コンテンツにアクセスすると、家賃が「7.5万円」と、万単位で表示されるようになりました。小数点以下は第1位までと設定したので、そのように表示されています。
敷金、礼金等は、「○○万円」と表示するのではなく、(家賃の)「○ヶ月分」と表示するほうがしっくり来るでしょう。いちおうその前に、家賃で割り切れないような価格設定の場合も想定して、「カスタム円」の設定をしておきます。賃貸物件の表示管理(「管理」 > 「サイト構築」 > 「コンテンツタイプ」 > 「賃貸物件」 > 「表示管理」)にアクセスし、「家賃」フィールドのフォーマットのセレクトボックスに、「カスタム円」を選択、右側の操作ボタンをクリックします。
「位取り」に「万」、尺度に「1」を選択、接尾語に「 万円/月」、「値が 0 のときの表示」に「無し」と入力して、すぐ下の「更新」ボタンをクリック、そのままページ下の「保存」ボタンをクリックします。
敷金が「15 万円」と表示されるようになりました。値の 0 の場合は、ここで「無し」と表示されます。礼金、更新料についても、同様に設定してください。
次にこれを(家賃の)「○ヶ月分」と表示させる設定をします。カスタムモジュールに以下の記述を追加してください。
/** * Implementation of template_preprocess_field() */ function custom_preprocess_field(&$variables) { $element = $variables['element']; // フィールド別の表示調整 switch ($element['#field_name']) { case 'field_deposit': case 'field_reward': case 'field_renewal_fee': // 敷金、礼金、更新料の表示をカスタマイズ。「(家賃の)~ヶ月分」と表せる場合は、そのように表示する。 $field_rent = field_get_items('node', $element['#object'], 'field_rent'); $rent = $field_rent[0]['value']; if (isset($element['#items'][0]['value']) && $element['#items'][0]['value'] > 0) { $months = $element['#items'][0]['value'] / $rent; if (is_int($months) && $months > 0) { $variables['items'][0]['#markup'] = $months .'ヶ月'; } } break; } }
これはフィールド用のテンプレート前処理関数です(※1)。ノードがノードテンプレートによって表示されているのと同様に、各フィールドもまた、フィールドテンプレートによって表示されています。template_preprocess_field() はそれぞれフィールドテンプレートに変数を渡す前のタイミングでコールされるので、ここで変数を操作しました。
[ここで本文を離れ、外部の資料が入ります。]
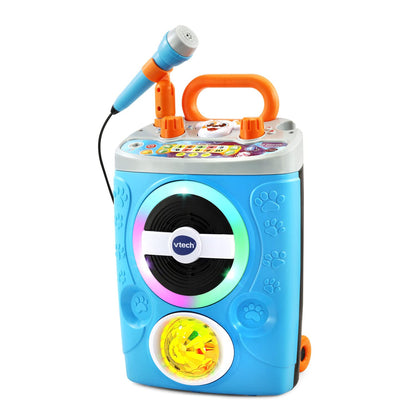VTech Kidi Superstar Jr. Karaoke machine with colorful buttons and microphone, designed for kids' singing and entertainment.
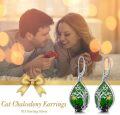 wholesale 14K Gold Plated Sterling Silver Round Natural Jade Earrings for Women-0-18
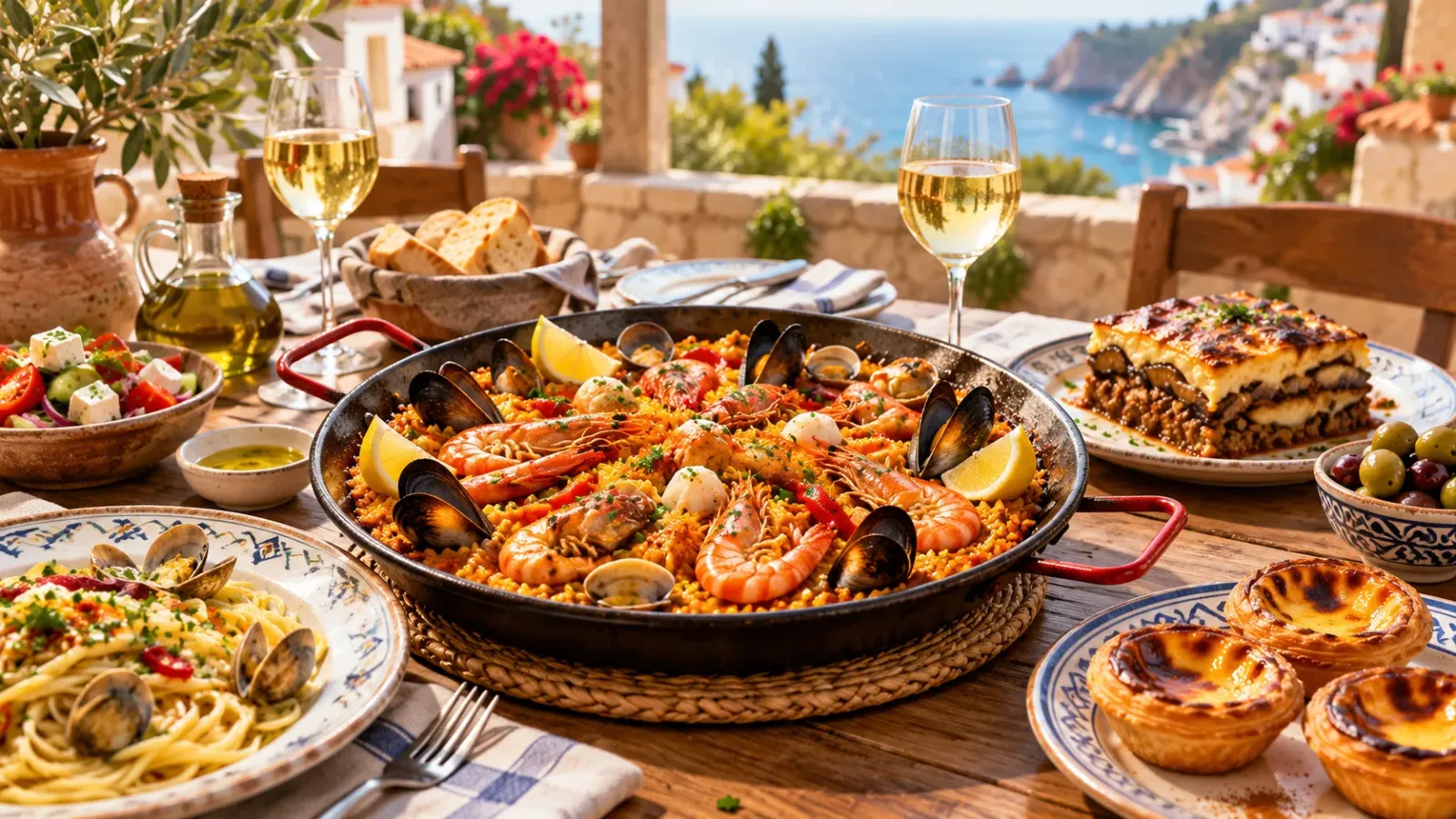 Pasta paella moussaka và pastel de nata đặc trưng của ẩm thực Nam Âu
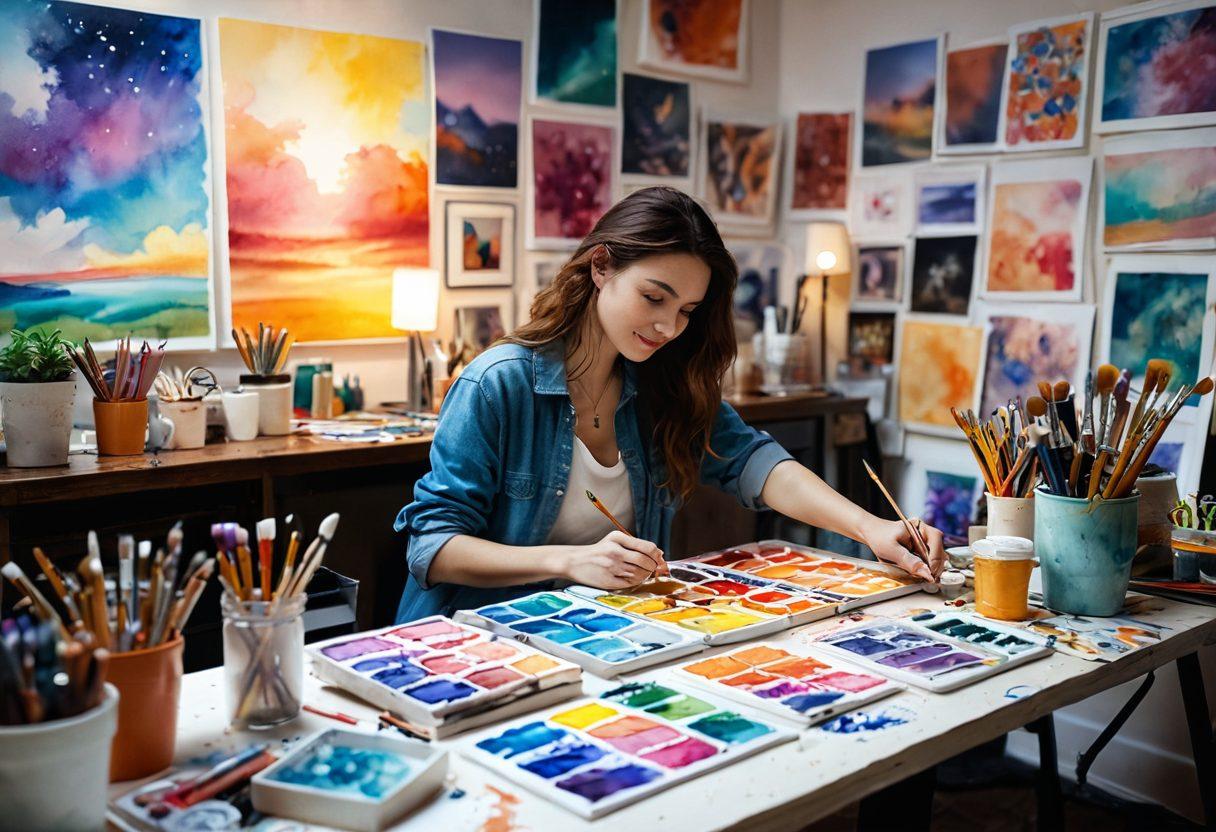 A vibrant, imaginative workspace filled with art supplies, including brushes, paints, and canvases. In the center, a person joyfully creating a colorful masterpiece, surrounded by various art techniques displayed visually. Soft, warm lighting illuminates the scene, sparking creativity and inspiration. A dreamy, whimsical atmosphere invites the viewer to explore their own artistic potential. watercolor painting. bright colors. ethereal background.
モジュールの設定を再構築し、すべてのキャッシュをクリアしたあと、コンテンツにアクセスすると、敷金、礼金が「2ヶ月」、更新料が「1ヶ月」と表示されました。
築年月フィールドが「4月, 2009」と表示されているので、これを「2009年4月」のように表示するようにします。賃貸物件の表示管理(「管理」 > 「サイト構築」 > 「コンテンツタイプ」 > 「賃貸物件」 > 「表示管理」)から、「築年月」フィールドの操作ボタンをクリックします。
しかしこのフォーマットのセレクトボックスには、適当なオプションがありません。ここに適当なオプションを追加するため、日付と時刻の設定ページ(「管理」 > 「環境設定」 > 「日付と時刻」)にアクセスしてください。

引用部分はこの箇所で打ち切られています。